When AI Radiologist Get Confused: The Critical Challenge of VLM Robustness in Medical Diagnostics
Picture this: You’re in the emergency room with chest pain and shortness of breath. The doctor orders a chest X-ray, and while waiting for the radiologist, you pull out your phone. Could ChatGPT help interpret what’s wrong? You’ve used it for math problems and recipe suggestions. Surely it could read an X-ray?
This isn’t a hypothetical anymore. We’re already there. An Australian study found that 9.9% of adults had used ChatGPT for health questions in just six months, with nearly 40% of non-users considering it. In another survey, over 21% were turning to AI chatbots for health information. And it’s not just patients. A Wolters Kluwer survey found that 40% of U.S. physicians are ready to use generative AI when treating patients, with 68% believing it would help their practice. What’s fascinating is who’s using these tools most. The Australian data revealed that people with limited health literacy use ChatGPT at nearly twice the rate of others (18.4% vs 9.4%). Those from non-English speaking backgrounds? Even higher at 29.2%. And here’s what really caught our attention in that study: when people get health advice from ChatGPT, nearly half simply follow it. No questions asked, no double-checking with their doctor.
These numbers are only going up. Users love that ChatGPT is always available and costs nothing, two features that topped their list of reasons for using it. You can’t see a doctor at 3 AM on a Sunday, but ChatGPT never sleeps. Google’s making it even easier: AI overviews now pop up automatically on google searches. No special app needed, no extra clicks. It’s just there.

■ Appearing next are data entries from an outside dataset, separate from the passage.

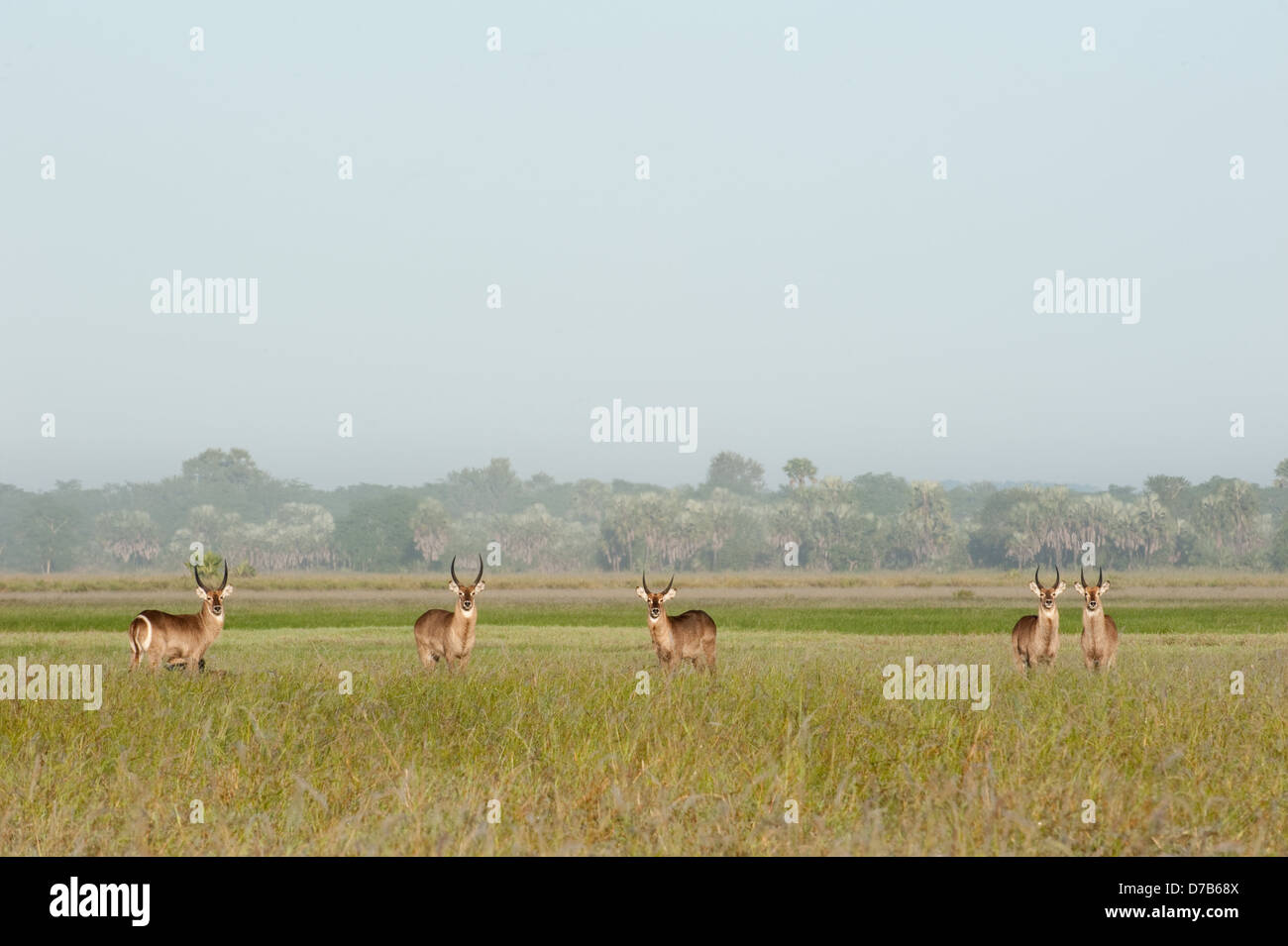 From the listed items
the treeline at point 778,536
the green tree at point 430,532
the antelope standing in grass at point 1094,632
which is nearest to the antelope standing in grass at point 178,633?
the antelope standing in grass at point 1094,632

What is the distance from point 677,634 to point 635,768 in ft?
23.9

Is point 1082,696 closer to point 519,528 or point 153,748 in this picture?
point 153,748

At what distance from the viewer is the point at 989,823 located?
730cm

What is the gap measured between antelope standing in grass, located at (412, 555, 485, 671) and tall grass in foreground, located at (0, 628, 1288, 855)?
2.00m

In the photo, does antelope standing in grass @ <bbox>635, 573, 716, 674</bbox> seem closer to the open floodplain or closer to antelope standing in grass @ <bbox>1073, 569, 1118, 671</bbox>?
the open floodplain

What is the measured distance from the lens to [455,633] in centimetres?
1650

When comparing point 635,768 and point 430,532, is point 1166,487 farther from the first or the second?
point 635,768

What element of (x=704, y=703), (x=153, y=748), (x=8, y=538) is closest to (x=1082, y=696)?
(x=704, y=703)

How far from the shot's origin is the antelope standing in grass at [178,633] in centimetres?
Result: 1634

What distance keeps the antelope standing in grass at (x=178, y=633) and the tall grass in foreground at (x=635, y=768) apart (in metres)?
1.95

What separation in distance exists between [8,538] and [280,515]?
133ft

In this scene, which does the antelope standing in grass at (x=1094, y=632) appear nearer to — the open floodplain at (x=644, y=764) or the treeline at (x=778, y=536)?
the open floodplain at (x=644, y=764)

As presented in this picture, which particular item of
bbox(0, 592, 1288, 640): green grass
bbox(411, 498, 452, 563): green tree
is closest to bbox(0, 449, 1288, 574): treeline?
bbox(411, 498, 452, 563): green tree

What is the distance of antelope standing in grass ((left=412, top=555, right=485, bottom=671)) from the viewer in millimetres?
16422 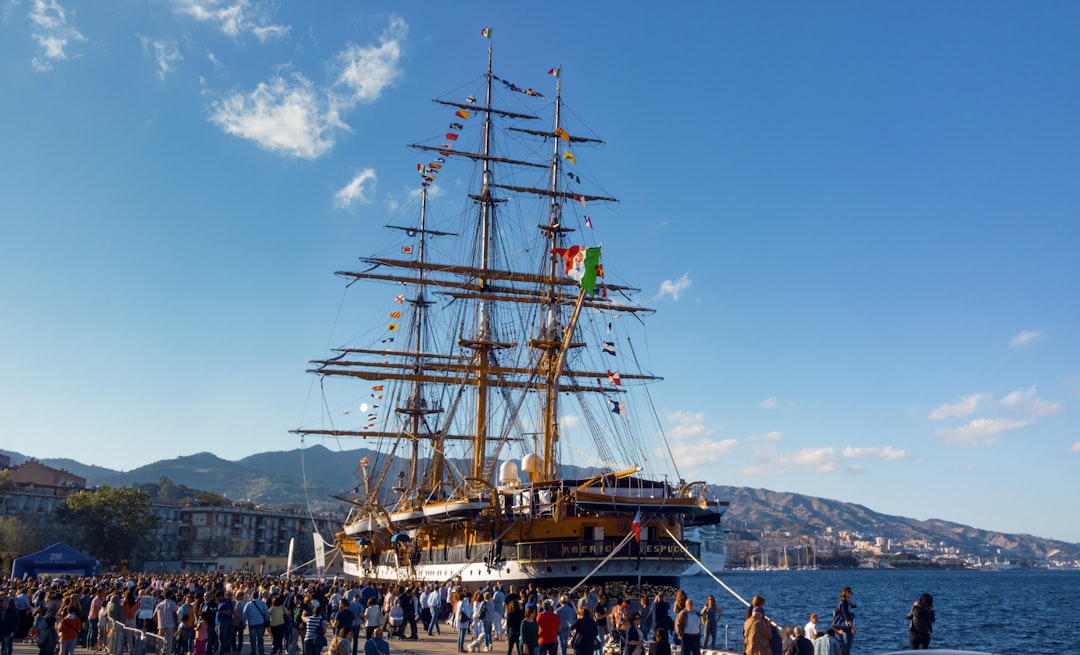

Clinicians are jumping in too. Already 27% of pediatric providers use these tools for clinical documentation. Why? Because background listening and study summarization pilots are cutting their note-writing time in half, sometimes more. That’s hours back in their day. And the money flooding in tells its own story: funding for generative AI health startups exploded from $1.7 billion in 2022 to $14 billion in 2023. By 2030? Projected to hit $109 billion (VSP Futurist Series).
Our recent research reveals that when these sophisticated AI systems move from answering text questions to interpreting medical images, they become dangerously brittle. We evaluated 125 chest X-ray interpretations using state-of-the-art vision language models, including Google’s MedGemma 4B and GPT-4V. Simply changing “vascular dilation” to “vascular congestion” in a question made the same AI system provide completely different diagnoses for the same X-ray image.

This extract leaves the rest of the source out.